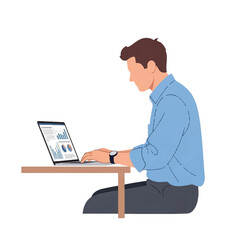 Man working on laptop, analyzing data charts.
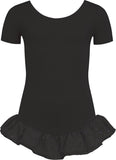 Leotard short sleeves, voile frill sparkle, cotton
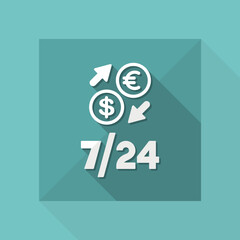 Foreign currency exchange 7/24 - Dollar - Euro - Vector web icon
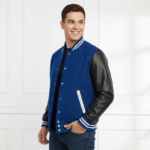 Varsity Vogue Letterman: Blue Varsity Jacket with black sleeves Varsity Vogue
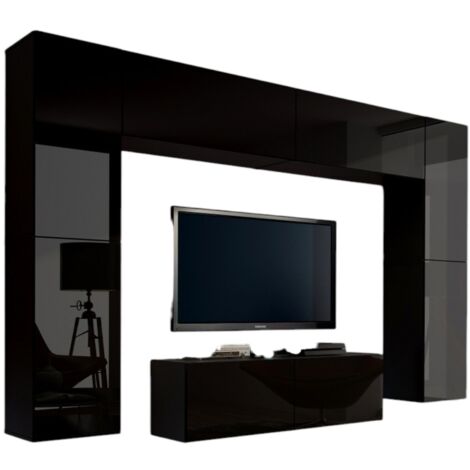 Set di mobili da soggiorno neri sospesi collezione CEPTO III 256cm, 8 porte, 8 scaffali, led, modulari.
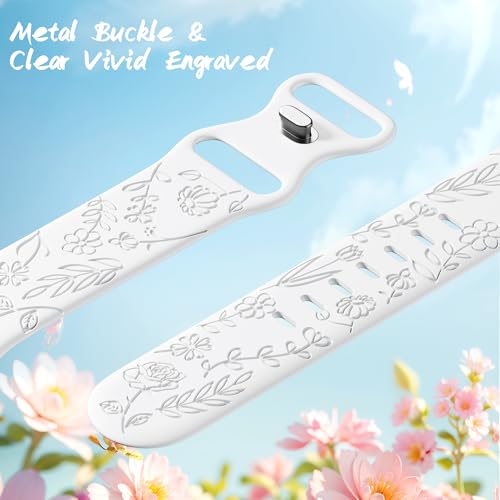 Image of SNBLK 6 Pack Floral Engraved Bands Compatible with Apple Watch Bands 40mm 41mm 42mm 38mm 44mm 45mm 46mm 49mm Women Men, Silicone Flower Pattern Strap for iWatch Series 11 10 Se Ultra 9 8 7 6 5 4 3 2 1
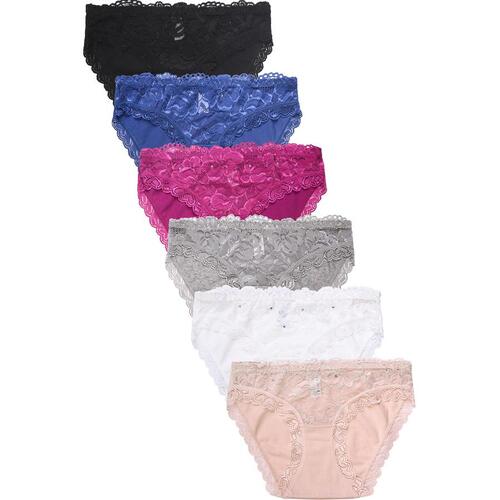 12 Pack Mamia Ladies Cotton Bikini Panty Multi Color
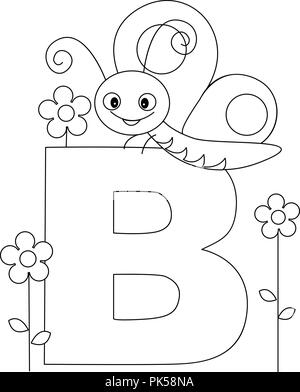 Alphabet des animaux à colorier d'illustration avec énoncés graphiques pour la couleur Illustration de Vecteur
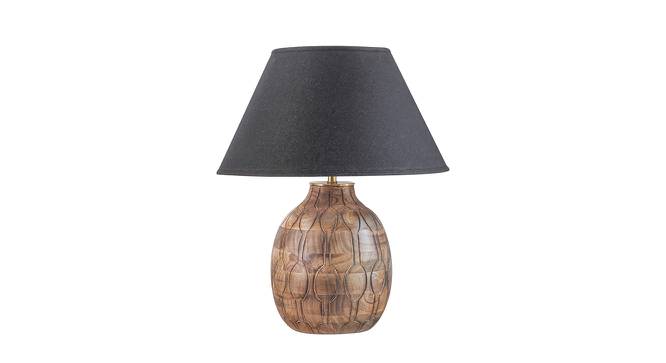 Samsula Table Lamp (Natural, Black Shade Colour, Cotton Shade Material) by Urban Ladder - Front View Design 1 - 769625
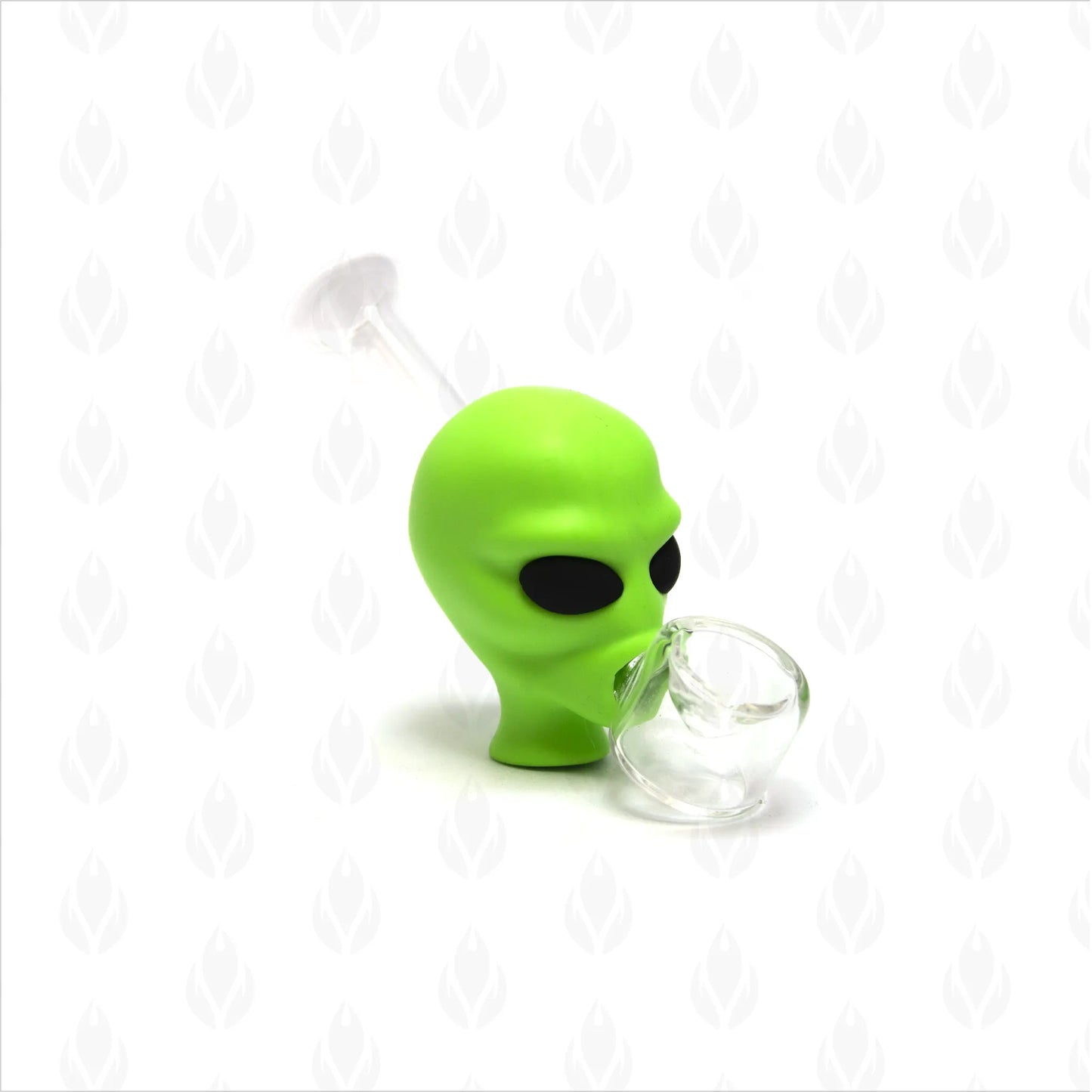 Pipa de silicona en forma de cabeza alienígena con tazón de vidrio, color verde vibrante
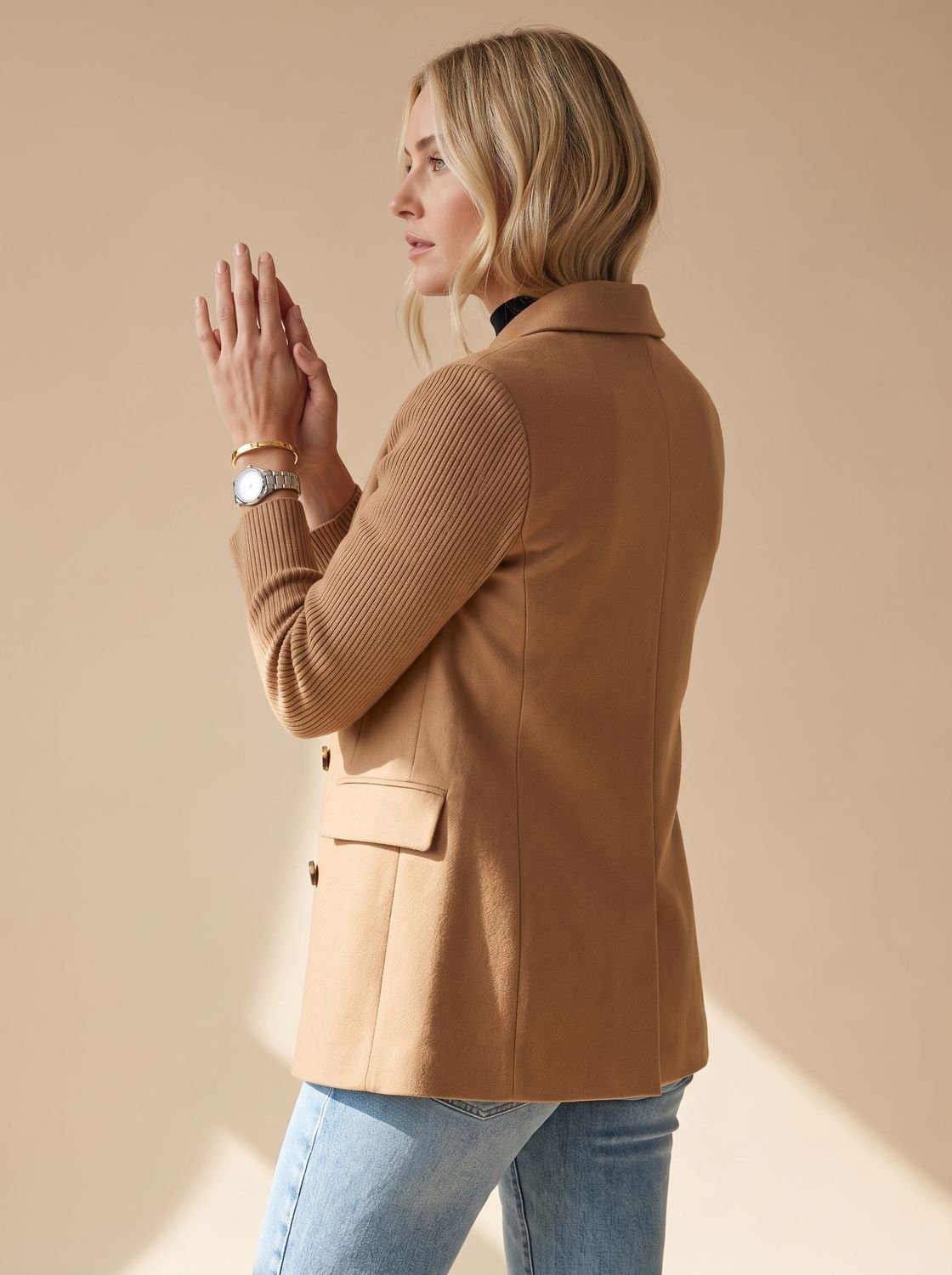 Madison | Women's Double-Breasted Knit-Sleeve Fitted Blazer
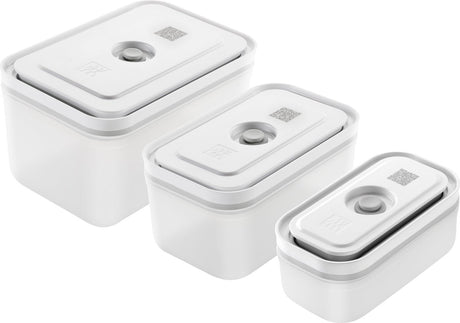 Zwilling Fresh Save Vakuum-Lebensmittelbehälter – Aufbewahrungsboxen – 3-teiliges Set – S 300 ml – M 900 ml – L 2000 ml – Kunststoff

Aim of the exercise – Set down, exactly as written above, each line from the one with "12 Pack Mamia" through the one with "Samsula Table Lamp", and skip the pictures.

Written response –
 12 Pack Mamia Ladies Cotton Bikini Panty Multi Color
 Alphabet des animaux à colorier d'illustration avec énoncés graphiques pour la couleur Illustration de Vecteur
 Samsula Table Lamp (Natural, Black Shade Colour, Cotton Shade Material) by Urban Ladder - Front View Design 1 - 769625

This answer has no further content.